**Your objective**
For this exercise, reproduce the entries below exactly, but only from the line containing "S-7XL Blazer Vest" through the line containing "イマン　パンジーピンク PCPEGGY HW", both included.

**Data section**
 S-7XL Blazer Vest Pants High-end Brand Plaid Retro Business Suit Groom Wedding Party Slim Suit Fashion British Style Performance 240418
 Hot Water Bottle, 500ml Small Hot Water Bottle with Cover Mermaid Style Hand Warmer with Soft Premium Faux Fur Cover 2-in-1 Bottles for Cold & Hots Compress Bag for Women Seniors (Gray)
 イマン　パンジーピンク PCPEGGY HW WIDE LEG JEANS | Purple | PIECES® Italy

...

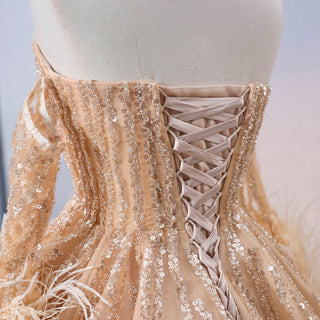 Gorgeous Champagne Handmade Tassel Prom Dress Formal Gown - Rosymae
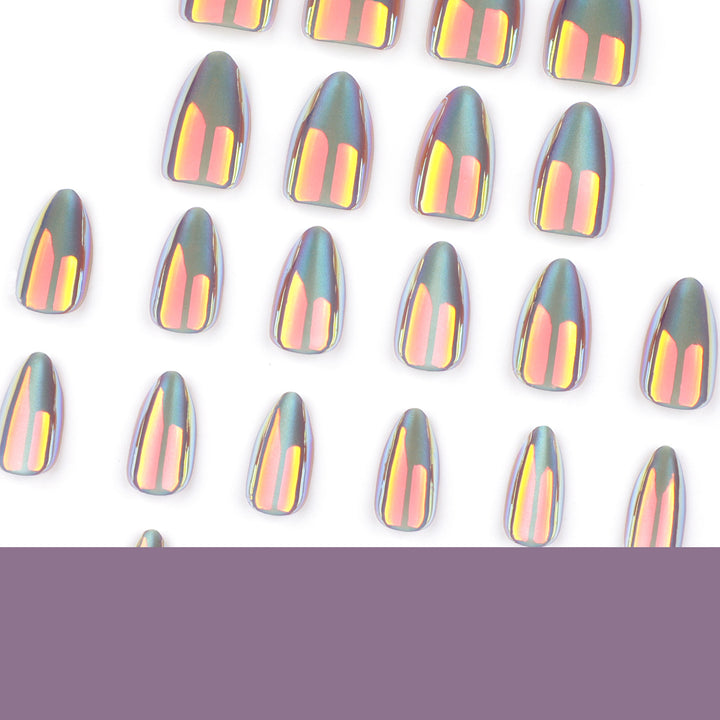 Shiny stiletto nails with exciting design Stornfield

---

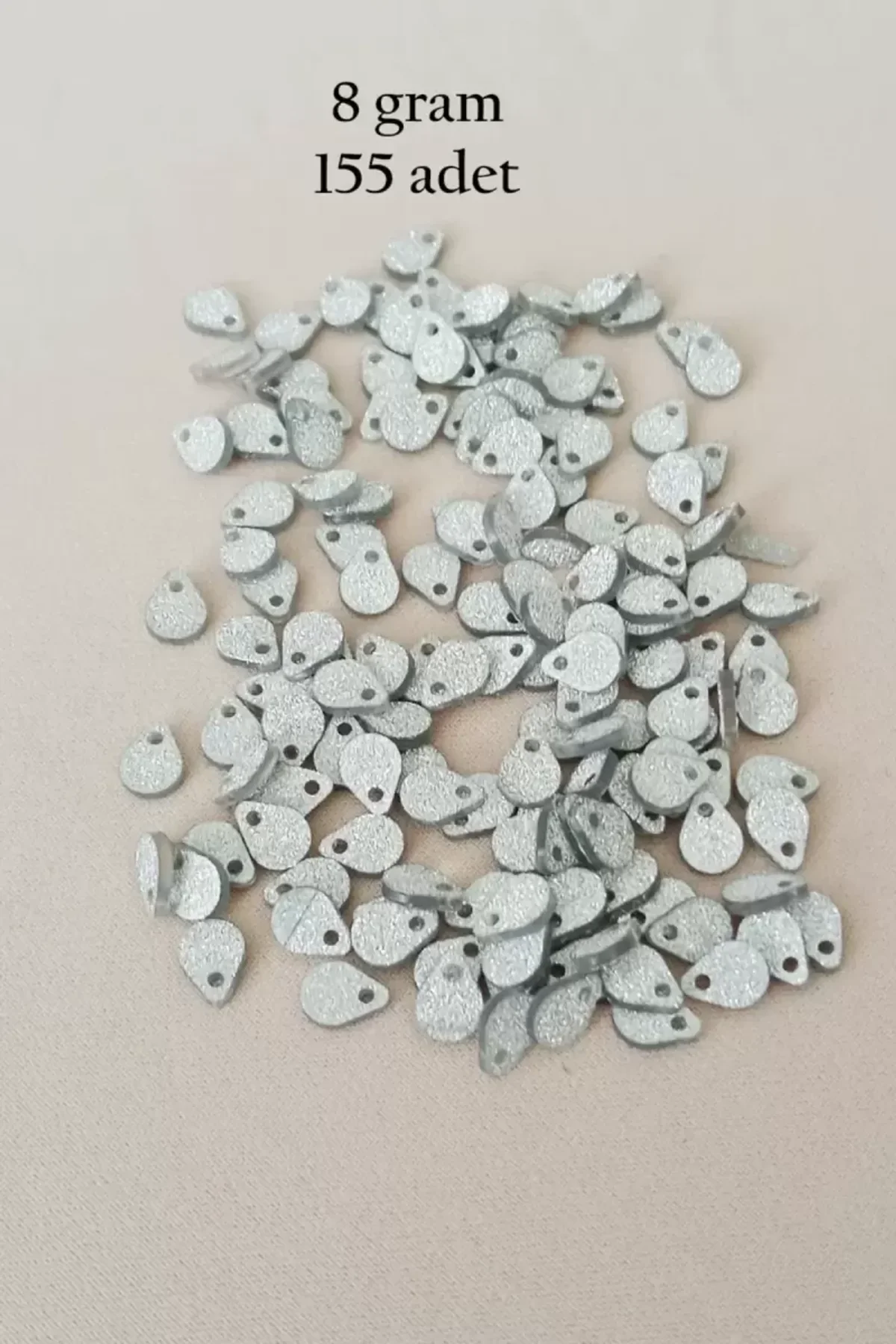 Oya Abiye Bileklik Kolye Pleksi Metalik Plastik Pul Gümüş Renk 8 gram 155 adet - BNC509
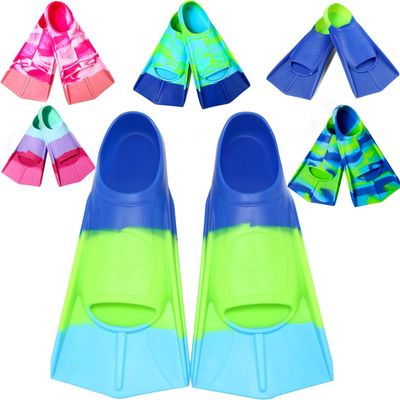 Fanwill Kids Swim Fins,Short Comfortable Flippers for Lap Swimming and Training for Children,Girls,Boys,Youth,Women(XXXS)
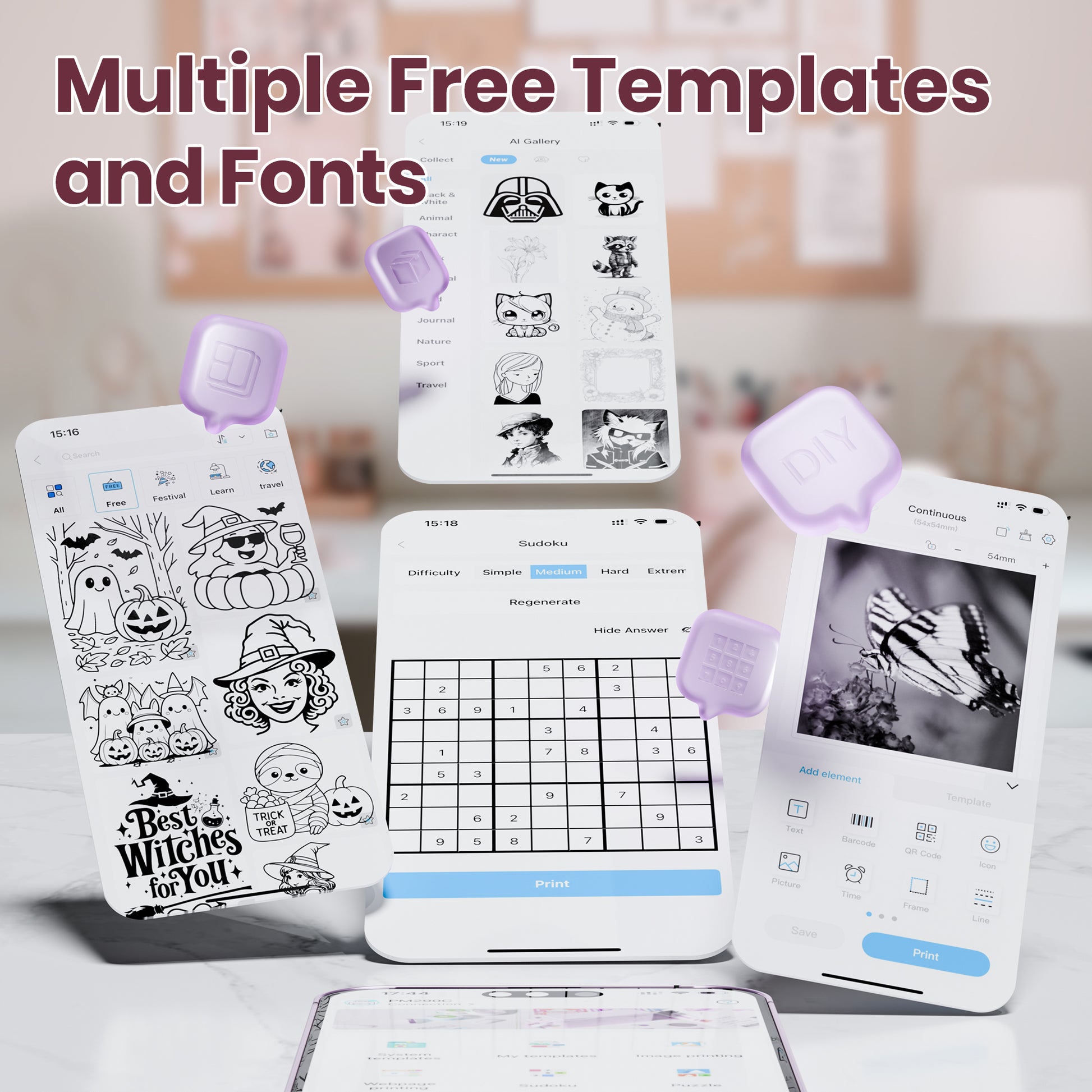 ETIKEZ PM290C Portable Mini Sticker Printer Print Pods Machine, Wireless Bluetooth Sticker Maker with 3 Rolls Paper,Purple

**Output below**
 S-7XL Blazer Vest Pants High-end Brand Plaid Retro Business Suit Groom Wedding Party Slim Suit Fashion British Style Performance 240418
 Hot Water Bottle, 500ml Small Hot Water Bottle with Cover Mermaid Style Hand Warmer with Soft Premium Faux Fur Cover 2-in-1 Bottles for Cold & Hots Compress Bag for Women Seniors (Gray)
 イマン　パンジーピンク PCPEGGY HW WIDE LEG JEANS | Purple | PIECES® Italy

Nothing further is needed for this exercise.